The Beat of Life

It was August of 1976 and I had my temporary license, which meant I could drive but had to be accompanied by a parent. The victim of constant parental critique, I sat with my hands at “10 and 2,” going a thrill-seeking 25 mph and quietly driving the family Ford Maverick into the grocery store parking lot. Mom went inside to get “just a few things,” and I stayed in the car. This move was partly to not be seen in the grocery store at 16 with my mommy, and also to deliver the impression that I was driving on my own, even if I was just parked at the moment.

I hung one arm out the window and leaned the seat back.

With my sunglasses low on my nose, I was ready for road action, baby. Bad to the bone … albeit with my mama. I flicked on the radio and pressed the “FM converter” so that I could listen to the real music, man. And then I recall being overcome with a indescribable, euphoric feeling. There was this new band with a new sound, and the sound was huge.

Having studied drums, tympani and marimba by that age and playing in the school band and orchestra since I was in third grade, I was not really a novice deciphering the precision with which this band performed. The song’s refrain told me it was “More Than a Feeling,” and the drummer, Jim Masdea, was playing so hard and so loud I thought he might be using tree limbs for sticks. I turned it up and the single speaker crackled with reverberation. I had found my sound, my signature, the language of my people, man.

Suddenly Mom dropped into the passenger seat with an irritated look and performed immediate loudness-interruptus by shutting the radio off abruptly. The urgent silence made me jump. The lecture began about how she could hear the radio from the store and how I must have lost my mind, but I had already blocked her out. I said very calmly that I wanted to walk home, and she looked puzzled. “You don’t want to drive?” I explained I was going to the record store up the street and would be home later. In those days I walked and biked everywhere so she had no problem with it, and I hiked up to the incense-laden and poster-walled store where a girl named Daphne in a tie-dyed poncho and many silver rings handed me my first Boston record. I used my lowest voice to thank her and said a quick thank you to God that I had walked there instead of having Mom’s bright-white Maverick waiting for me in front of the store for Daphne to notice.

Learning the Beat

Seated at my drum set with a pair of 1968 headphones on that looked like two half-grapefruits held together with a bungee cord, I began wearing away at my eardrums from a decibel level that was possibly illegal. I broke a stick within the first two minutes of playing along to the song. Mom appeared, speaking silently as the music blared. I removed the headphones to hear what she was saying, and ever the encourager, I read her lips as my head rang. “That sounded pretty good,” she smiled. I smiled back and played along all afternoon until my arms were numb.

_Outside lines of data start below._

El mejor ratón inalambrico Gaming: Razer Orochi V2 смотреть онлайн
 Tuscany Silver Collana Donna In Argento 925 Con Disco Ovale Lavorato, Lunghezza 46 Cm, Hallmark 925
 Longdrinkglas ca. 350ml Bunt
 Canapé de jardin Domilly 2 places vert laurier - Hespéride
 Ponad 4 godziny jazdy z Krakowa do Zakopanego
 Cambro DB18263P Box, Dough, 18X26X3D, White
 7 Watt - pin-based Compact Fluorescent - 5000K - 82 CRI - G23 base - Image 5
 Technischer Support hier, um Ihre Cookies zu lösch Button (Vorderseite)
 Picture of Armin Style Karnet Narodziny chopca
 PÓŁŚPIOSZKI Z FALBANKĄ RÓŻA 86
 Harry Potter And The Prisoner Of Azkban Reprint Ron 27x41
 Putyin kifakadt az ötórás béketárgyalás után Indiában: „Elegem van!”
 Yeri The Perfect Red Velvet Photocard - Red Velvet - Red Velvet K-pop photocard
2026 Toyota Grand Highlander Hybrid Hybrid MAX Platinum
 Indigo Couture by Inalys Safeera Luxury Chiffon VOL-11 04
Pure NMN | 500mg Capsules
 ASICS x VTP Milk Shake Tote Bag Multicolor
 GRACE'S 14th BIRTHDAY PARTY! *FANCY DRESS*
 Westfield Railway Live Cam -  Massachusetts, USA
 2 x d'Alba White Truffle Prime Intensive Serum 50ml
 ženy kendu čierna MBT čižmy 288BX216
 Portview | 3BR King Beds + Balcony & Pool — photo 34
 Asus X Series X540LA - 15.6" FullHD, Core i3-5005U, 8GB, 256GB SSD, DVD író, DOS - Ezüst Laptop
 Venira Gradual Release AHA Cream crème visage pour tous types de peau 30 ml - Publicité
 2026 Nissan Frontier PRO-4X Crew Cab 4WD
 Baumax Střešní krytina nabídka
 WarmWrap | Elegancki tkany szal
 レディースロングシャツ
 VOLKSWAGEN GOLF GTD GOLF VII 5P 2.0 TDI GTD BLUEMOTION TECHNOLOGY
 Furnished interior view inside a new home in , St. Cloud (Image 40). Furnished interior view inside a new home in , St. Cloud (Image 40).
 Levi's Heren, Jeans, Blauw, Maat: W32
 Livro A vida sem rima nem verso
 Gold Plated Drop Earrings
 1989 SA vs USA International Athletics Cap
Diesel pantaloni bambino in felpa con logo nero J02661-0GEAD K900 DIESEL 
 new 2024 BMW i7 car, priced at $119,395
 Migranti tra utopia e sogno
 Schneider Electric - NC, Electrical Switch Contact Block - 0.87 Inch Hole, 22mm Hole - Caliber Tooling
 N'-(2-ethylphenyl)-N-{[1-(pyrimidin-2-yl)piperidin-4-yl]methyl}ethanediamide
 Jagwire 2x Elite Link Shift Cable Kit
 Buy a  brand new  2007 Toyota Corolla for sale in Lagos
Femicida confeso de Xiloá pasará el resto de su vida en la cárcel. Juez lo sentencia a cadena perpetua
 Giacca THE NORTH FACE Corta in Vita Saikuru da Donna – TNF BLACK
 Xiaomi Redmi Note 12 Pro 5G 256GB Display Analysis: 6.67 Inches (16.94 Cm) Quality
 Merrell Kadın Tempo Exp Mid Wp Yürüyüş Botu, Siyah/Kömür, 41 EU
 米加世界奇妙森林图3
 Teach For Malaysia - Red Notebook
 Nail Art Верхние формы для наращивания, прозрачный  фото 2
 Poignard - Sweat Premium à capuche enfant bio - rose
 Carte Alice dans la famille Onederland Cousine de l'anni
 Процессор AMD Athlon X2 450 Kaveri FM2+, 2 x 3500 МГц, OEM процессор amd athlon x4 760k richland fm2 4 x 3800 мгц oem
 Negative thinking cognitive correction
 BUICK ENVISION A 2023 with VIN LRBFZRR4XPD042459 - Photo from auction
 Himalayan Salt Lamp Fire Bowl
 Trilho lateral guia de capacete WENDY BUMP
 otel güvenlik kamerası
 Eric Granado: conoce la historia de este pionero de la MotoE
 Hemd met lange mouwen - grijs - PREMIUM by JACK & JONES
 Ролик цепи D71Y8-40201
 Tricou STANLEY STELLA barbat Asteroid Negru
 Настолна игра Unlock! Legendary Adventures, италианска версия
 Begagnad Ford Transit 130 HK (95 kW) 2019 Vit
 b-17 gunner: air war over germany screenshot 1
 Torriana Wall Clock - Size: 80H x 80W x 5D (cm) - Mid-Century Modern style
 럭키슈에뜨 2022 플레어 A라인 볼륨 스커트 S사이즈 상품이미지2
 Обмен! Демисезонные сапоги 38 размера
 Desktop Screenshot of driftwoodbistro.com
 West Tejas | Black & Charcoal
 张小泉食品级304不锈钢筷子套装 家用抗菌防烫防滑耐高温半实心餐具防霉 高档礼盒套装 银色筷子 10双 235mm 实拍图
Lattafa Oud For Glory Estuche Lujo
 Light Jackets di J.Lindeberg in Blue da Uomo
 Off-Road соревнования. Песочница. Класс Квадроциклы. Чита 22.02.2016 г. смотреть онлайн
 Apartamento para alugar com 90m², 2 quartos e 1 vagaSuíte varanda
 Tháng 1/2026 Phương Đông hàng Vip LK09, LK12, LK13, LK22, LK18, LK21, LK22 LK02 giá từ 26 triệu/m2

I recall thinking there was no one I would rather be than a member of this band. Set for life making money while playing the music they love. “What a life they must have,” I thought enviably.

Over the years and through the many jazz bands I have played in, the lessons learned at the hands of Boston have come back several times. For the readers who are drummers, you know what it means to “fill,” and for those of you not familiar with the term, the best way to describe it is the sounds made by a young Phil Collins during the short drum solo in the song “In the Air Tonight.” You know the part where the song breaks into the really hard rhythm? Well, where the drums usher that big beat in is called a “fill.”

Boston put the big time/big sound fill on the map, and modern drumming has never been the same. Their songs used those massive segues for drama and “hooks” that are now often a staple of modern music. As years before when a young fellow named Barry Manilow, who once wrote commercial jingles for clients like State Farm Insurance and Kentucky Fried Chicken, and then began recording pop songs, Boston knew they had carved a niche.